• [What you need to do]: Please give every record below again exactly, and keep the pictures out.

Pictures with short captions
******************************
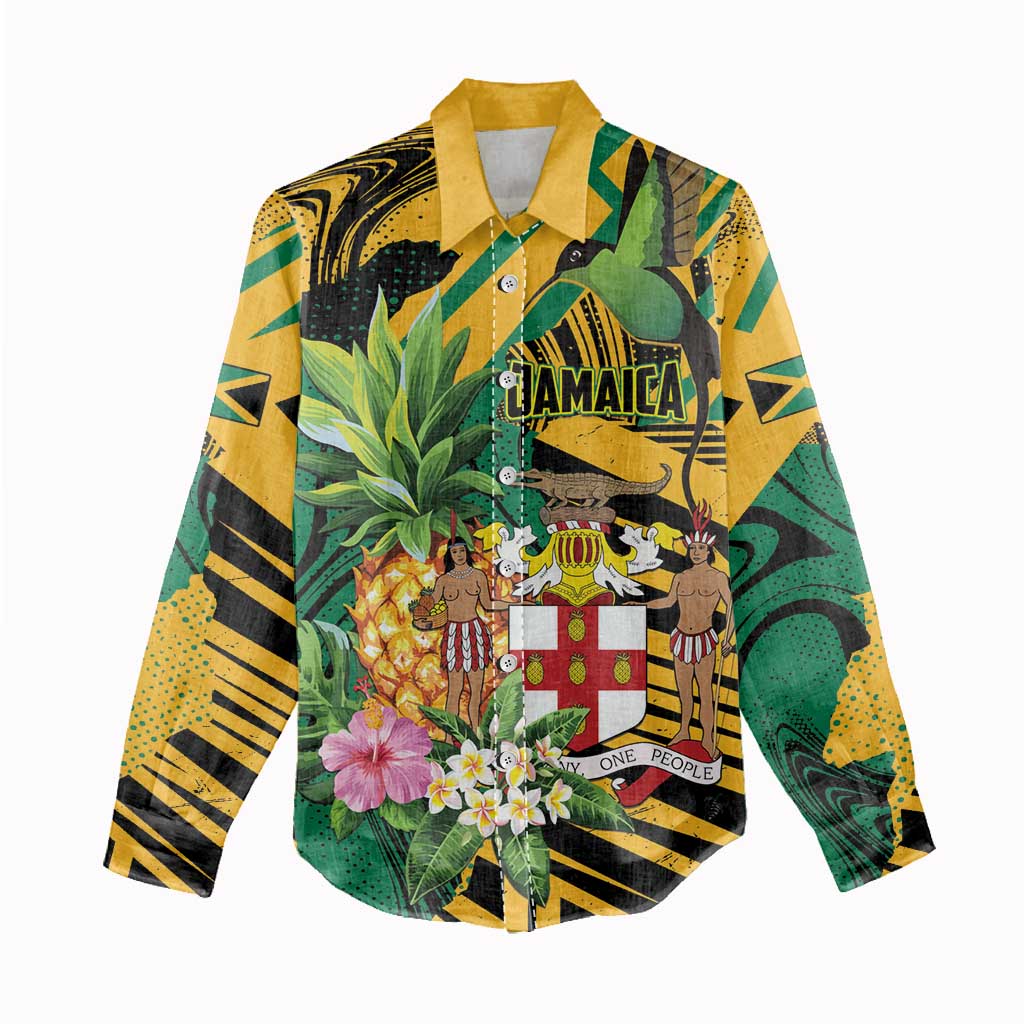 Personalized Jamaica Red-billed Streamertail Women Casual Shirt Pineapple Tropical Style - Wonder Print Shop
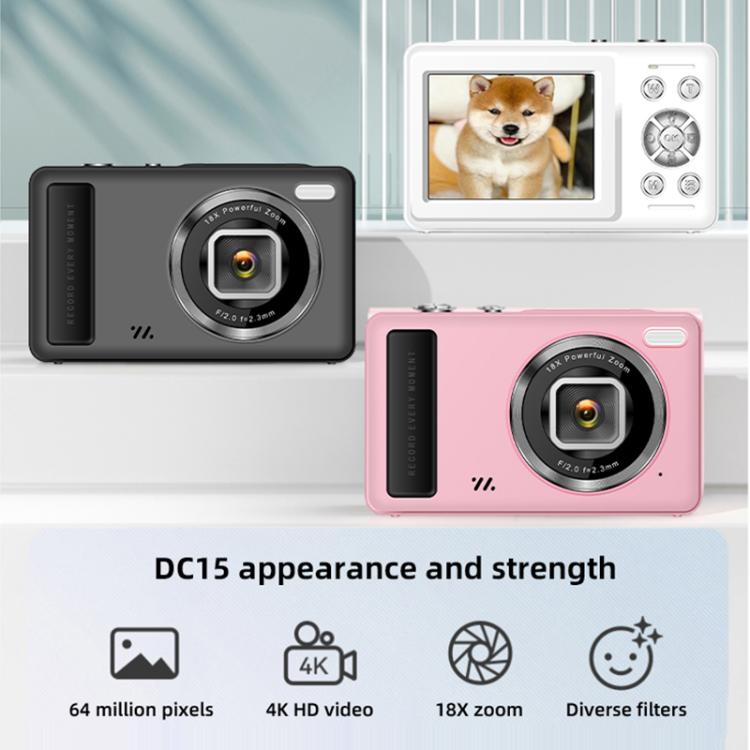 DC15 2.4 inch 18X Digital Zoom Camera 4K HD Video 64MP Shooting
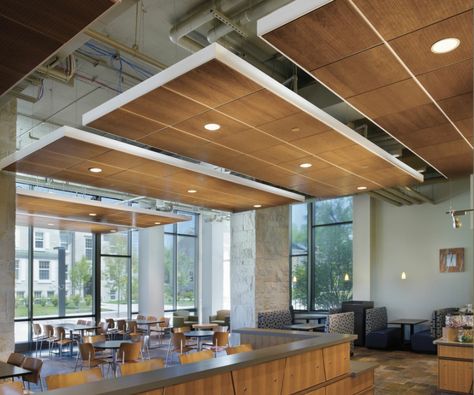 flat floating wood ceiling panels with view of ceiling above Wood Ceiling Panels, Floating Ceiling, Architecture Ceiling, Office Ceiling, Armstrong Ceiling, Open Ceiling, Timber Ceiling, Drop Ceiling, Salon Suites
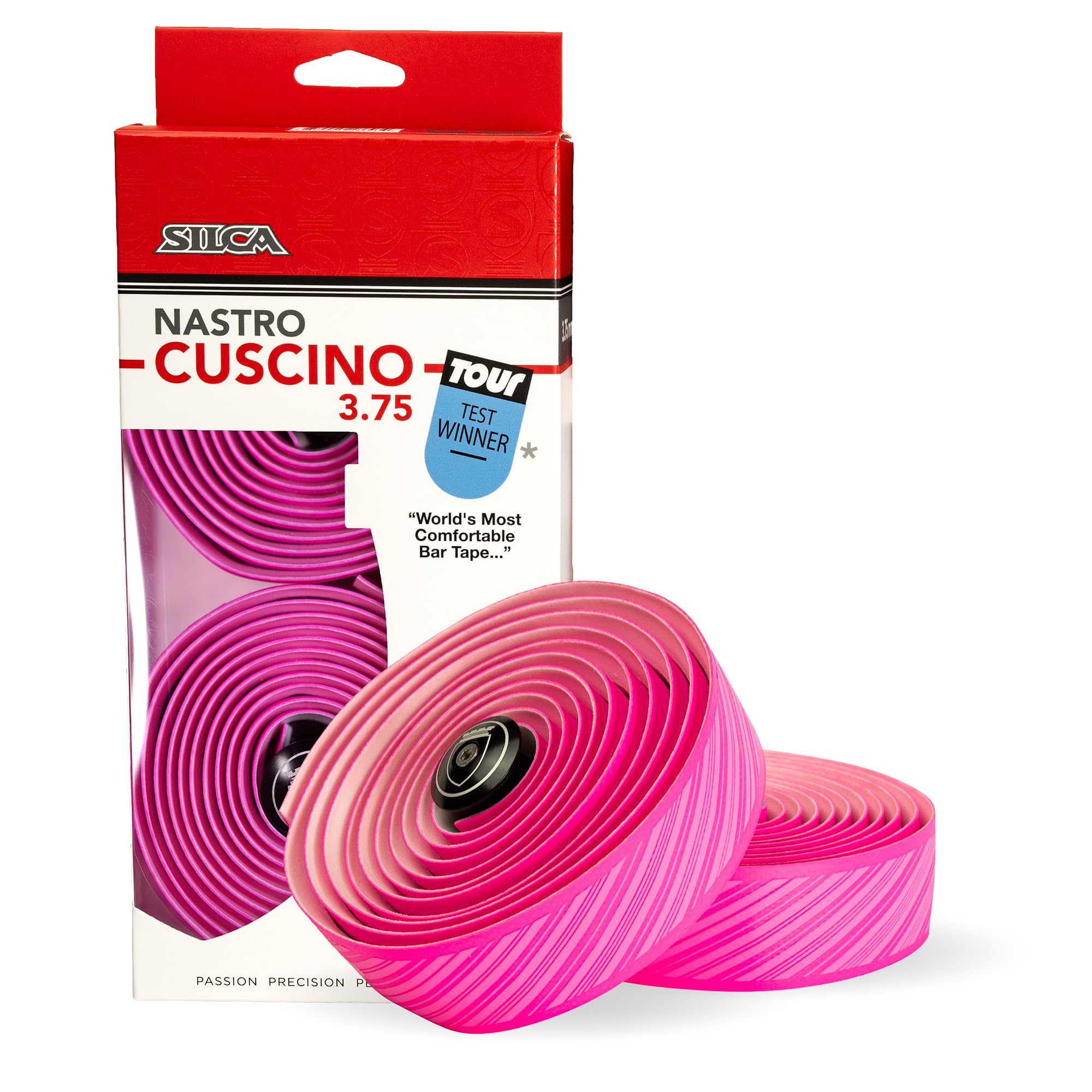 SILCA Nastro Cuscino Bike Handlebar Tape, Pink 3.75mm – Extra Thick Bike Bar Tape, Comes with Aluminum End Plugs & Installation Kit – Durable, Comfortable, and Vibration-Damping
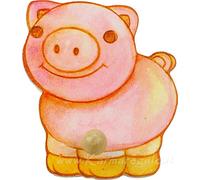 THUN Appendiabiti in Legno Maialino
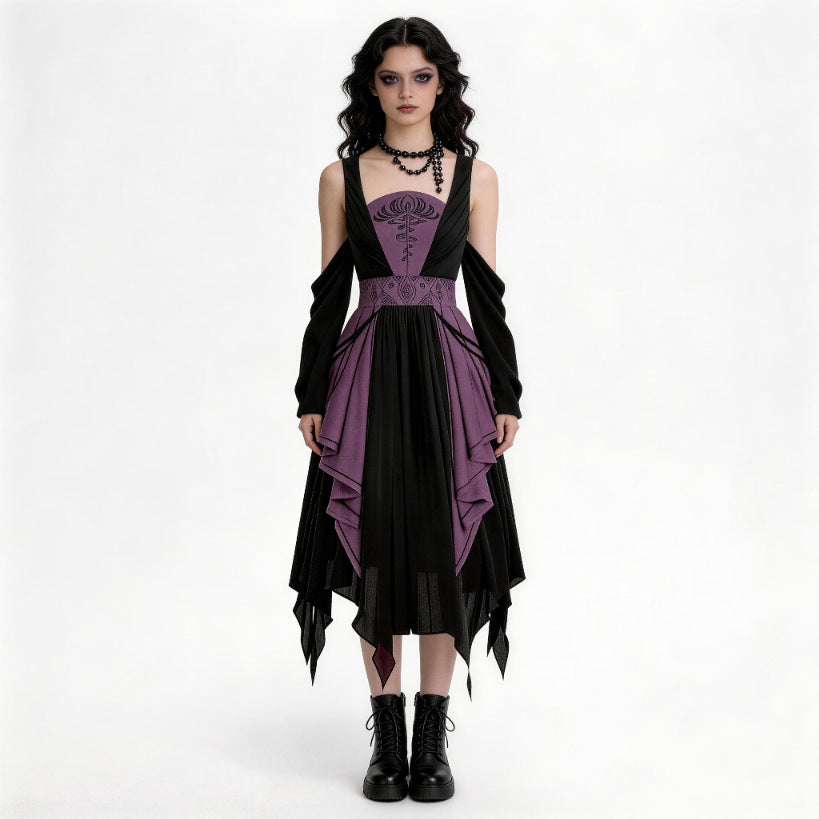 Robe Sorcière Gypsy Gothique Noire & Violette – Esprit Bohème Mystique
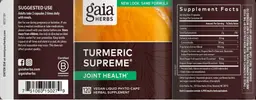 Label for Turmeric Supreme Joint
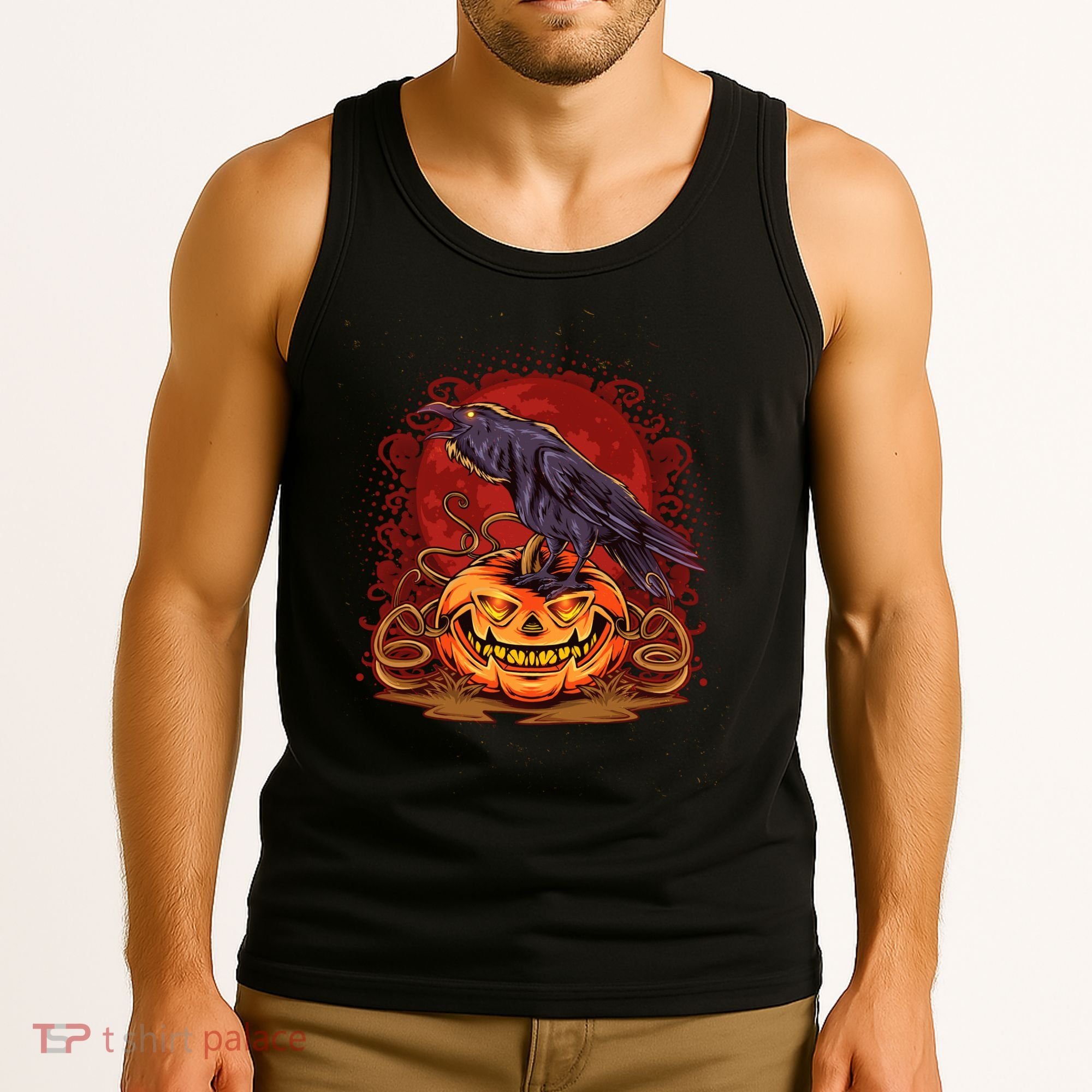 Spooky Halloween Raven Crow Jacklantern Pumpkin Tank Top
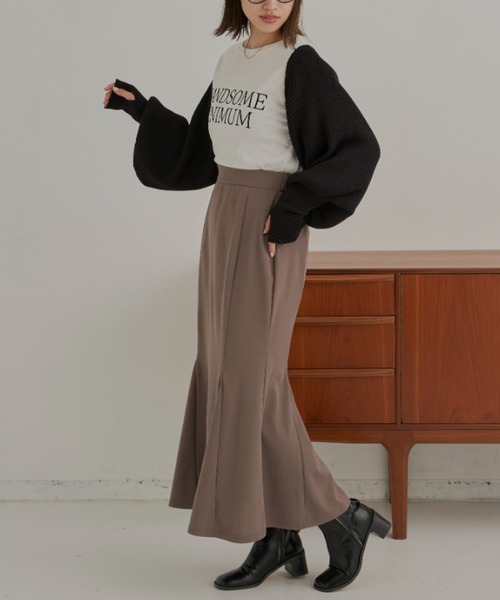 CLEARIMPRESSION （クリアインプレッション）の「HANDSOME MINIMUMロゴロングTシャツ（Tシャツ/カットソー・レディース・ホワイト/チャコールグレー・FREE）」の20枚目の写真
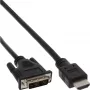 InLine HDMI-DVI kábel HDMI konektor samec / DVI konektor samec 18+1 čierny 1 m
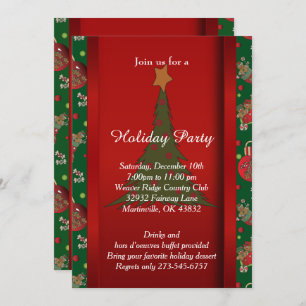 Christmas Tree Gingerbread Holiday Invitation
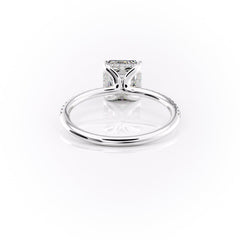 Echelon 1.94 Carat VVS Lab-Grown Asscher Hidden Halo Pave Engagement Ring in 18K White Gold Back View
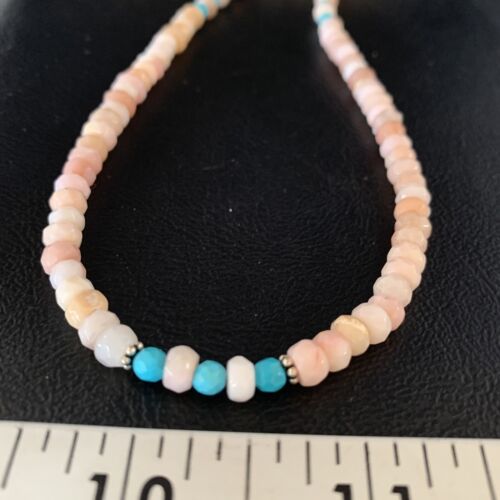 Navajo Blue Turquoise Pink Opal Bead Necklace | Sterling Silver | Authentic Native American Handmade | 22" | 13592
******************************
• [Expected output]:
 Personalized Jamaica Red-billed Streamertail Women Casual Shirt Pineapple Tropical Style - Wonder Print Shop
 DC15 2.4 inch 18X Digital Zoom Camera 4K HD Video 64MP Shooting
 flat floating wood ceiling panels with view of ceiling above Wood Ceiling Panels, Floating Ceiling, Architecture Ceiling, Office Ceiling, Armstrong Ceiling, Open Ceiling, Timber Ceiling, Drop Ceiling, Salon Suites
 SILCA Nastro Cuscino Bike Handlebar Tape, Pink 3.75mm – Extra Thick Bike Bar Tape, Comes with Aluminum End Plugs & Installation Kit – Durable, Comfortable, and Vibration-Damping
 THUN Appendiabiti in Legno Maialino
 Robe Sorcière Gypsy Gothique Noire & Violette – Esprit Bohème Mystique
 Label for Turmeric Supreme Joint
 Spooky Halloween Raven Crow Jacklantern Pumpkin Tank Top
 CLEARIMPRESSION （クリアインプレッション）の「HANDSOME MINIMUMロゴロングTシャツ（Tシャツ/カットソー・レディース・ホワイト/チャコールグレー・FREE）」の20枚目の写真
 InLine HDMI-DVI kábel HDMI konektor samec / DVI konektor samec 18+1 čierny 1 m
 Christmas Tree Gingerbread Holiday Invitation
 Echelon 1.94 Carat VVS Lab-Grown Asscher Hidden Halo Pave Engagement Ring in 18K White Gold Back View
 Navajo Blue Turquoise Pink Opal Bead Necklace | Sterling Silver | Authentic Native American Handmade | 22" | 13592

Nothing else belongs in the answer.